For glycoproteomics data, this function calls these functions in sequence:

Usage

auto_clean(
  exp,
  group_col = "group",
  batch_col = "batch",
  qc_name = "QC",
  normalize_to_try = NULL,
  impute_to_try = NULL,
  remove_preset = "discovery",
  batch_prop_threshold = 0.3,
  check_batch_confounding = TRUE,
  batch_confounding_threshold = 0.4
)

Arguments

exp

A glyexp::experiment() containing glycoproteomics or glycomics data.

group_col

The column name in sample_info for groups. Default is "group". Can be NULL when no group information is available.

batch_col

The column name in sample_info for batches. Default is "batch". Can be NULL when no batch information is available.

qc_name

The name of QC samples in the group_col column. Default is "QC". Only used when group_col is not NULL.

normalize_to_try

Normalization functions to try. A list. Default includes:

impute_to_try

Imputation functions to try. A list. Default includes:

remove_preset

The preset for removing variables. Default is "discovery". Available presets:

  • "simple": remove variables with more than 50% missing values.

  • "discovery": more lenient, remove variables with more than 80% missing values, but ensure less than 50% of missing values in at least one group.
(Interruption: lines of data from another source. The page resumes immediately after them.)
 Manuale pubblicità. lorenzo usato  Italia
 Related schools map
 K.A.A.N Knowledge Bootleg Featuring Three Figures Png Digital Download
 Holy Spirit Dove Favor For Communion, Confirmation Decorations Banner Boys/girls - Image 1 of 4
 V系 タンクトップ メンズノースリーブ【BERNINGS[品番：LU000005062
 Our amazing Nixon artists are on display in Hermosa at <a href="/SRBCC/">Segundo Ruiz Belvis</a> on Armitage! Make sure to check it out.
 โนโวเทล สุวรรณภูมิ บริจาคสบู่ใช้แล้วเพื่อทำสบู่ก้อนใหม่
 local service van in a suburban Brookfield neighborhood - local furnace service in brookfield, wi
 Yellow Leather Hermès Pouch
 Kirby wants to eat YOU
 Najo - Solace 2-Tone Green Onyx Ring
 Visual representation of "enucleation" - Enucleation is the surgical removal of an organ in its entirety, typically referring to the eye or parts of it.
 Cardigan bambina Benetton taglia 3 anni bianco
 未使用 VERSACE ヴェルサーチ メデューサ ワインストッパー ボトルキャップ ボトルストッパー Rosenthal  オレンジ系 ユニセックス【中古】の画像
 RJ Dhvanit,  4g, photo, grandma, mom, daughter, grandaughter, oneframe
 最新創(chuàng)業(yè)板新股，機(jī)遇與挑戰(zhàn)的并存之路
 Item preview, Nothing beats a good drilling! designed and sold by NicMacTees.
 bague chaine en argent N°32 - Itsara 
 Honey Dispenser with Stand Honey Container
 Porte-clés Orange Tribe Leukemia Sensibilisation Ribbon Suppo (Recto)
  • "biomarker": more strict, remove variables with more than 40% missing values, and ensure less than 60% of missing values in all groups.

batch_prop_threshold

The proportion of variables that must show significant batch effects to perform batch correction. Default is 0.3 (30%).

check_batch_confounding

Whether to check for confounding between batch and group variables. Default to TRUE.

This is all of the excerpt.